# long time cat owner first time poster.



## cdj1975 (Feb 28, 2012)

I have a grey and white male tuxedo cat named Alex that showed up at the place where I worked nine years ago and adopted me. He has been my little buddy and an only cat for all that time. A couple of days a calico kitten showed up under my porch cold and hungry and very friendly. She is around three months old so I figure someone dumped her. being the softy that I am I took the cat to the vet and brought her inside. I have one problem Alex is not happy about the situation and hisses and growls at me, normally he is a lap cat and very friendly.


----------



## cdj1975 (Feb 28, 2012)

A little more info Alex has been my cat or better stated I have been his person since he was a kitten he will go through the house and cry if I'm not home at night. My wife found that if she leaves a light on he will wait up for me and not cry. 
Its only been a couple of days but since the arrival of the kitten he had hissed and growled at me.
is it fair to Alex to keep the kitten or should I find a good home for it?


----------



## chuck72 (Jan 30, 2012)

Hi and welcome to the forum! I hope you like it here. Sounds like Alex is an awesome kitty. That is a tough call on your new kitten. Has Alex actually had a face to face yet with the new girl? I have read/seen vids of adult cats adopting newcomers and becoming best buddies.

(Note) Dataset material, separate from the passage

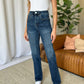 Woman wearing RFM Full Size High Rise Straight Tummy Control Jeans in living room setting.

We are thinking of becoming kitty foster parents, but our kitty is definitely the queen. We are going to be super cautious and put our kitty first. Cats are masters of the cold shoulder lol, I hope Alex warms back up to you soon.


----------



## cdj1975 (Feb 28, 2012)

Alex and Snickers had their first face to fact. Snickers puffed up and Alex just laid down after a couple of minutes Snickers laid down too. Alex meowed at snickers then walked off. Alex still isn't happy with me though.


----------



## GhostTown (Jan 12, 2012)

cdj, if you continue to have problems you might try this product: FELIWAY - Official Site

I cannot vouch for it yet, but I've seen that a lot of people have recommended it for these sort of situations. Supposedly the spray works much better than wall plug ins. I ordered a bottle of it out of curiosity yesterday to see if it might help to calm my outdoor female cat when she comes into contact with my full time indoor boys. 

I have a 10 year old black tuxedo named Oscar that has a similar story as your Alex. I hope everything works out for you.


----------



## cooncatbob (May 27, 2011)

Here's a link to a good article on introducing a new car.
Cat-to-Cat Introductions | Little Big Cat


----------



## cdj1975 (Feb 28, 2012)

It's looking better. Alex is still afraid of Snickers but he is showing more curiosity towards her now. he still hisses at me once in a while but he will at least purr again once in a while when I pet him. Lots of cat treats have been dished out.


----------



## cdj1975 (Feb 28, 2012)

put some picts of the cats in my profile.


----------



## chuck72 (Jan 30, 2012)

I checked out the pics of your cats. Snickers is a beauty - very appropriate name with those colors. I like the pic of Alex looking down on you lol.


----------



## madamefifi (Apr 30, 2011)

I'm glad Alex seems to be accepting the new kitten! Sometimes introducing a new cat can be difficult but it sounds like they'll get used to each other without too much drama. As the kitten gets comfortable she'll no doubt harass Alex so just make sure she doesn't overwhelm him with her relentless kitten-love!


----------



## xfrozen (Mar 4, 2012)

I'm sure with time, Alex will get along with you and Snickers. Just will take a bit for him to get used to the fact of another kitty getting some of your attention :razz:


----------